Eles ainda estão aqui
2 de dezembro de 2024Eles ainda estão aqui Por Delzymar Dias.
Texto extraído da coluna Funes do Jornal a União publicado na data de 29/11/2024.
Fui ao cinema e fiquei impactado com o filme Ainda Estou Aqui. O longa é uma adaptação do livro com o mesmo título escrito por Marcelo Rubens Paiva, que viu sua família ser impactada e devastada com o desaparecimento forçado do seu pai, o ex-deputado Rubens Paiva, assassinado pelos militares durante a Ditadura que vigorou no Brasil entre os anos de 1964 e 1985. Tanto o livro quanto o filme buscam fugir do lugar-comum onde as histórias sobre a Ditadura se encontram, fornecendo protagonismo a Maria Lucrécia Eunice Facciolla Paiva, conhecida como Eunice Paiva, companheira de Rubens Paiva.
A história traz coisas absurdas que não podem ser toleradas, independentemente de suas convicções políticas ou pessoais. Não podemos naturalizar um sistema onde pessoas são arrancadas de suas casas sem que haja o devido processo legal e sejam submetidas a diversas sessões de torturas a ponto de morrerem nas mãos de agentes do Estado, que, achando pouco o tamanho da barbárie, resolvem sumir com corpo, forjar provas e manipular processos para passar uma impressão de legalidade. Rubens Paiva foi assassinado pelos militares que também prenderam sua esposa, Eunice, e sua filha Eliana.

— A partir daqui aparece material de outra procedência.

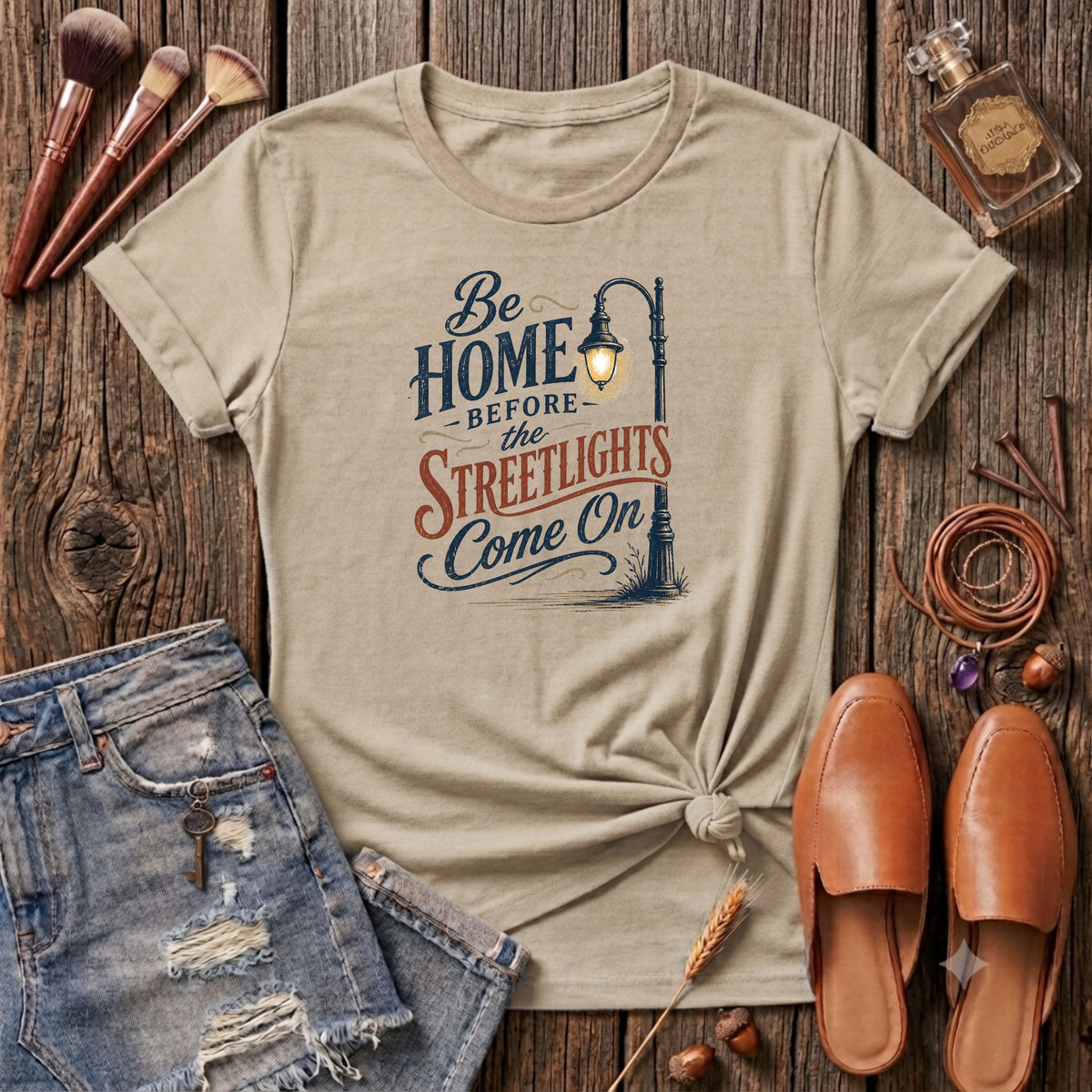 Be home before the streetlights come on T-Shirt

Eliana Paiva, uma adolescente de 15 anos de idade, foi presa, encapuzada e levada aos porões do DOI-Codi, no Rio de Janeiro, em 1971. Vivenciou momentos de tensões e de abusos. Militares homens a revistaram sem nenhum pudor e a
mantiveram encapuzada em um corredor, o que fez com que outras pessoas que passavam pelo local também a agredissem com xingamentos e toques em seus seios.
As reações ao filme Ainda Estou Aqui e as recentes descobertas sobre a tentativa de um novo golpe de Estado no Brasil mostram a necessidade de retomar a discussão sobre um tema que achávamos que tinha ficado nas páginas infelizes da nossa história, como cantou Chico Buarque. Escrevi o meu trabalho de conclusão de curso para tornar-me historiador em 2007, e toda a minha pesquisa foi sobre esse período nefasto da história; porém, lá em 2007, esse tema
era tratado assim, como história. Não esperava voltar a escrever sobre esse tema como algo real e muito menos ler prints de conversas sobre tramas de generais que buscavam abolir o Estado de Direito, assim como ocorreu em 1964.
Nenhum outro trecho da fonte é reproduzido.